··· DATASET

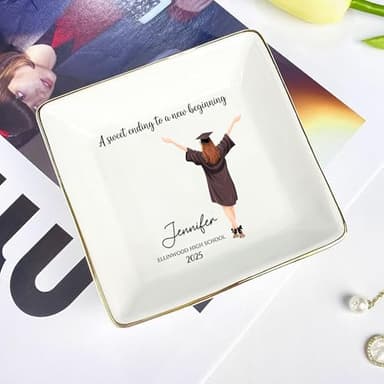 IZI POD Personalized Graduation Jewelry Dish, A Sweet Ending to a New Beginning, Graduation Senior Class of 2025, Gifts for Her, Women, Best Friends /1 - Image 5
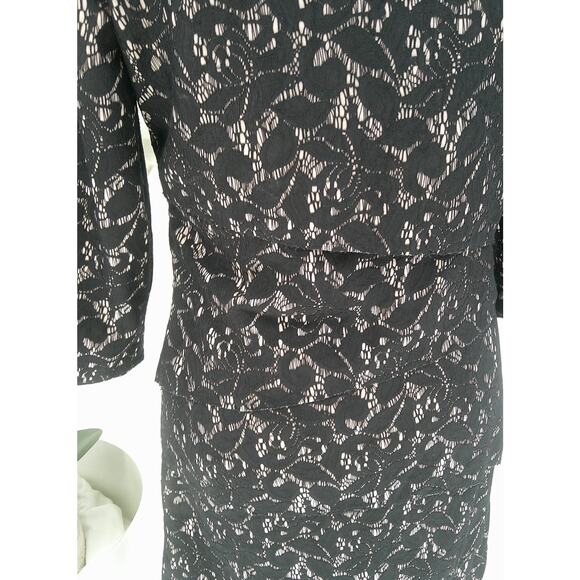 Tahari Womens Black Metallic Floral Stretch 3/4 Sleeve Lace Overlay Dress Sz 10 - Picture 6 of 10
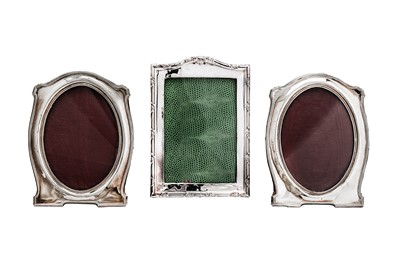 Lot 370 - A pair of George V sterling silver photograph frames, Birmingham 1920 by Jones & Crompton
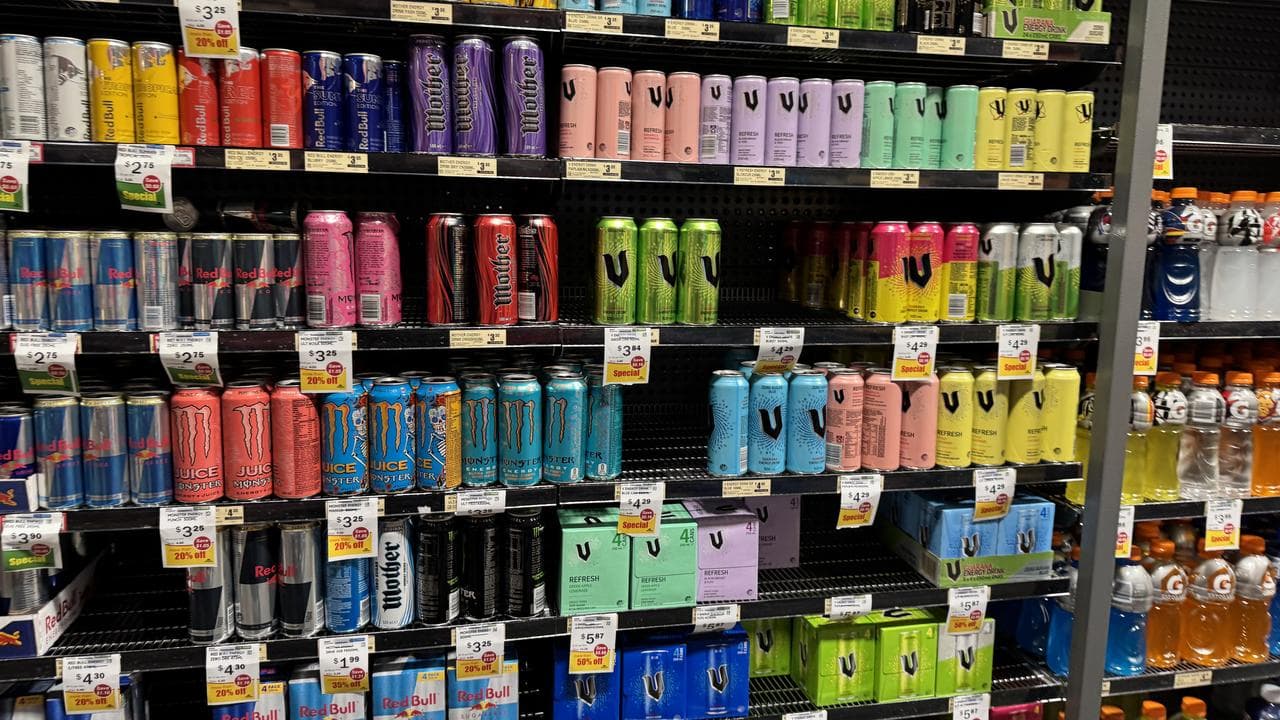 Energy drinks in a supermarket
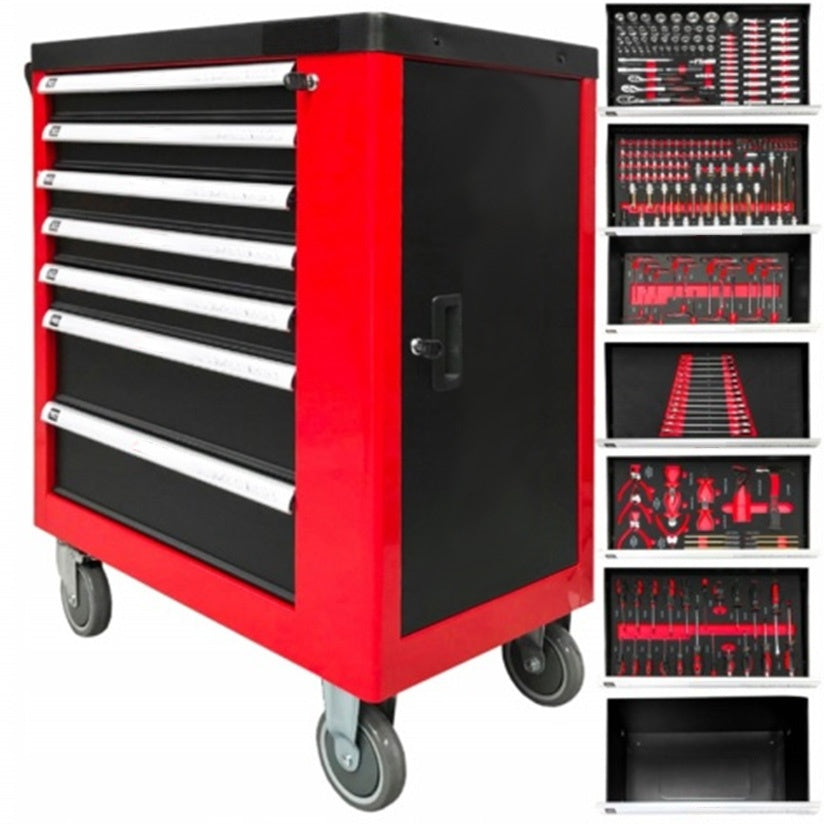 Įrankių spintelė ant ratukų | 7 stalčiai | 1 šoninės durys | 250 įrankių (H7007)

······

* YOUR ASSIGNMENT
Write the data out again exactly, but without its images.

* YOUR RESPONSE
 IZI POD Personalized Graduation Jewelry Dish, A Sweet Ending to a New Beginning, Graduation Senior Class of 2025, Gifts for Her, Women, Best Friends /1 - Image 5
 Tahari Womens Black Metallic Floral Stretch 3/4 Sleeve Lace Overlay Dress Sz 10 - Picture 6 of 10
 Lot 370 - A pair of George V sterling silver photograph frames, Birmingham 1920 by Jones & Crompton
 Energy drinks in a supermarket
 Įrankių spintelė ant ratukų | 7 stalčiai | 1 šoninės durys | 250 įrankių (H7007)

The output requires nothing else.